If I’m training in the morning before work, I am up at 0350 and out the door by 0400.  But, on the days I decide to train after work, I get up at the leisurely, cake eating time of 0530.

I wake up and I shower, shave, groom, etc.  Then, I have coffee.  Then, I have another coffee.  And finally I have another coffee.  I sip these, generally, while sitting at my writing desk which faces big sliding glass doors looking out on West Ikebukuro. The view isn’t much; general urban sprawl and crows.

Ikebukuro is home to many, many crows.

Crows that sit on the railing of my balcony and scowl at me.

Crows that know my secrets.

Crows that smugly look away and defecate onto my balcony; into my running shoes.

More scowling.

I leave home at about 0650.  I don’t need to be at work until 0830 and the commute is only 45 minutes all told door to door, a very reasonable commute by Tokyo standards, but I heartily despise being rushed.

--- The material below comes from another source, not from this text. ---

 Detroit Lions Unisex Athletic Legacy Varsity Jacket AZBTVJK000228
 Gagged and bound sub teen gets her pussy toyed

Frankly speaking, I really enjoy taking my motherfucking sweet ass time.

I like to stroll to the train station.  The walk is only 7 minutes when one is stepping it out, but in the morning I make that 15 minutes.  This pimp likes to smell the roses.  He enjoys looking up at the blue sky and the clouds.  He inspects the spring foliage and he listens to the birds chirping their spring song.  He stops at the little park down the street and watches while 15 police have trouble arresting one insane drunk covered in what looks a lot like blood.  This pimp takes it all in, and then he buys a cappuccino.

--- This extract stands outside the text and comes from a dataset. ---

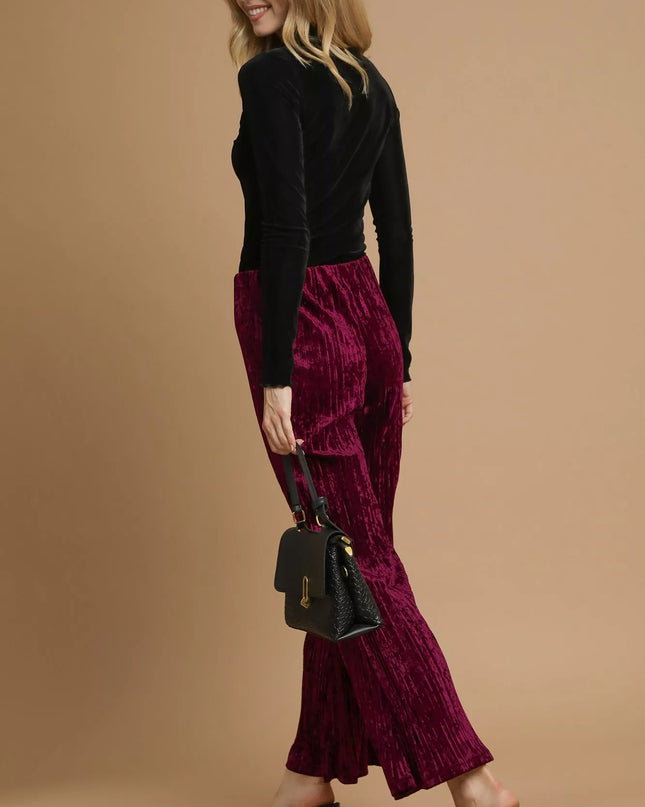 Umgee Velvet Pleated Wide Leg Pants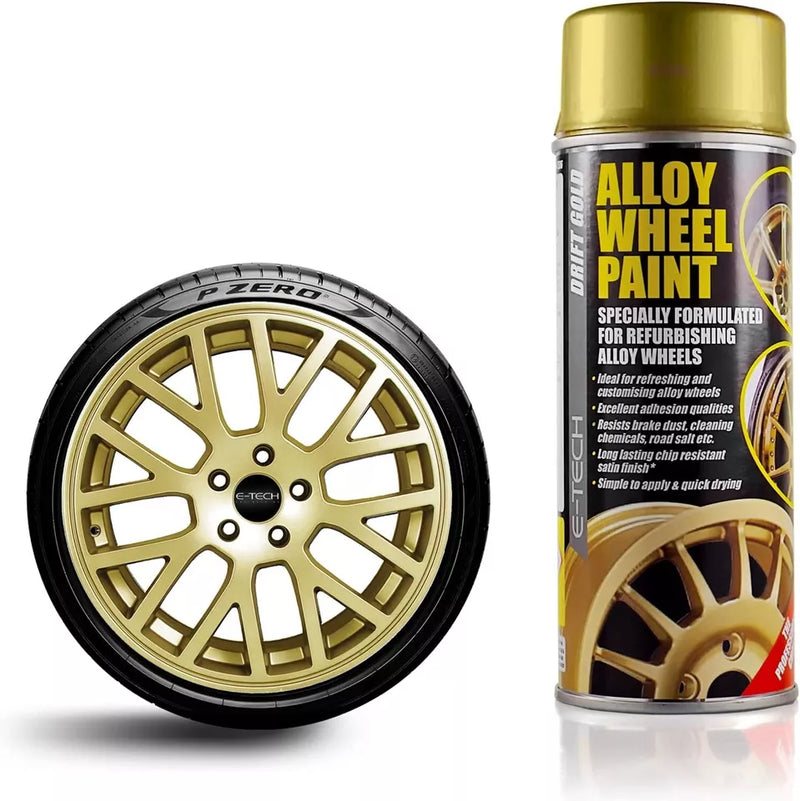 E-Tech GOLD Car Alloy Wheel Spray Paint+Clear Lacquer Refurbishment Deal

The thing about this stroll to Ikebukuro station isn’t the cosmopolitan sites or the juxtaposition of man and nature, but rather it’s the fact that during this entire 15 minutes I don’t hear a lick of the Japanese language.

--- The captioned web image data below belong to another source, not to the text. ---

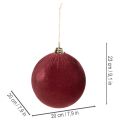 Didelis raudono aksomo imitacijos kalėdinis žaisliukas, 20 cm, 3 vnt. | Floristik24.lt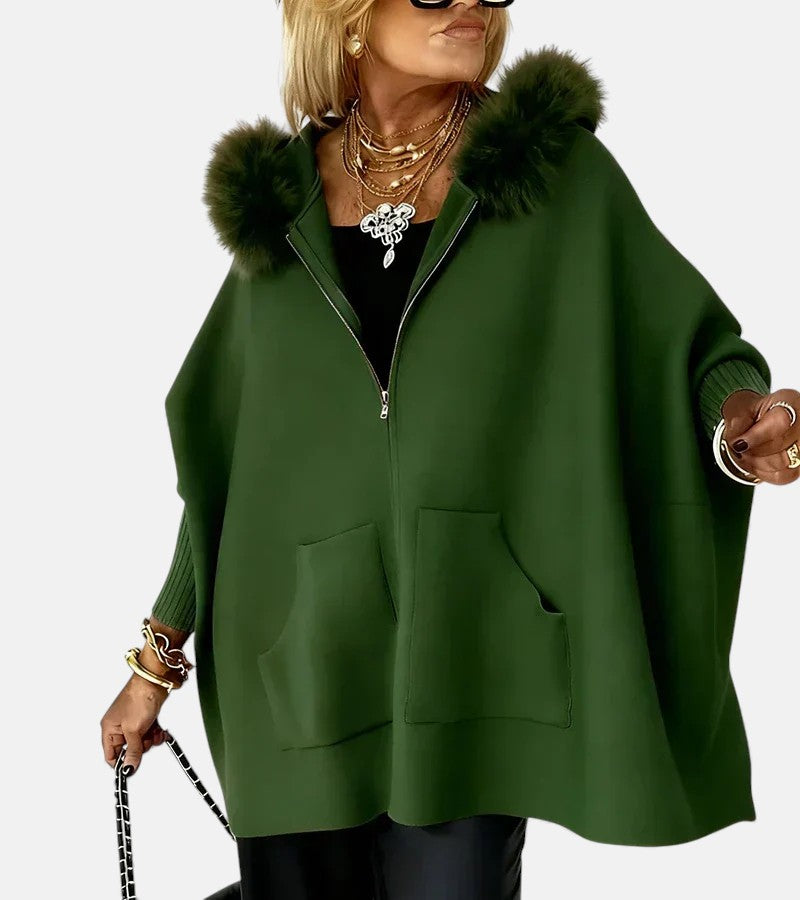 LISA | Casual Hooded Coat with Fur Collar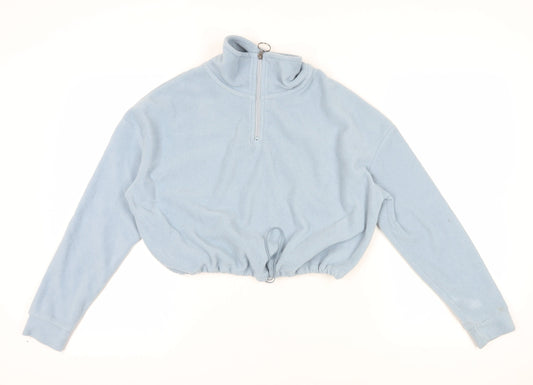Brave Soul Light Blue Fleece 1/4 Zip Women's Jumper S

Mandarin, Cantonese, Taiwanese, Hakka and then the smattering of Korean, Russian and Urdu.  Then, finally, I might here a couple drunken, filthy Kiwi’s talking about Rugby.  My point?

I am an American, living in Japan, living in Tokyo, living in Chinatown.  And I think this is utterly absurd and totally fitting.

“Welcome to the Jungle”

If you ask someone that “knows” Tokyo where Chinatown is, inevitably whomever you asked will most likely say “Well, in Yokohama.”  In a sense this is correct, but in another sense it’s bullshit.

The fact is, Toshima Ku, the district in which Ikebukuro is located has the highest percentage of Chinese immigrants found anywhere in Japan and just about all of them live next door to me.

The West Exit at Ikebukuro station, the second busiest station in Tokyo, has since the 1980′s gradually changed from a half assed “center for the arts” into a hub for university parties, Ramon shops, fuzoku (prostitution) and the Chinese.  Chinese restaurants, groceries, second-hand shops and particularly Chinese people are absolutely everywhere.  This is WHY there are SO many Ramon shops.  It’s also why the Toshima Ku government has invested so much money in trying to beautifie the West exit.  It’s also why there are so many female police officers at work in Ikebukuro; when the cops raid a burlesque house, female officers are needed for, well, a variety of activities.

“A variety of activities indeed.”

Despite living 5 minutes from a notorious and bustling red light district, my own block is oddly peaceful.  Just across the street is Ikebukuro Elementary school with its chimes and morning music blasting for all to hear, and next door to that is a Christian Church and kindergarten.  The street, and ONLY this street, has rows of big, green trees that are full and lush and hang deeply over the main thoroughfare and side walks.  Cafes are everywhere; out door tables all full (mostly with Chinese) and kids can be seen playing and horsing around as kids do while a tricked out SUV full of gangsters glides by.  It’s just a nutting part of the city and I love it.

The point today is this my friends: Yokohama can blow me.  The real Chinatown in Tokyo is located right outside my front door.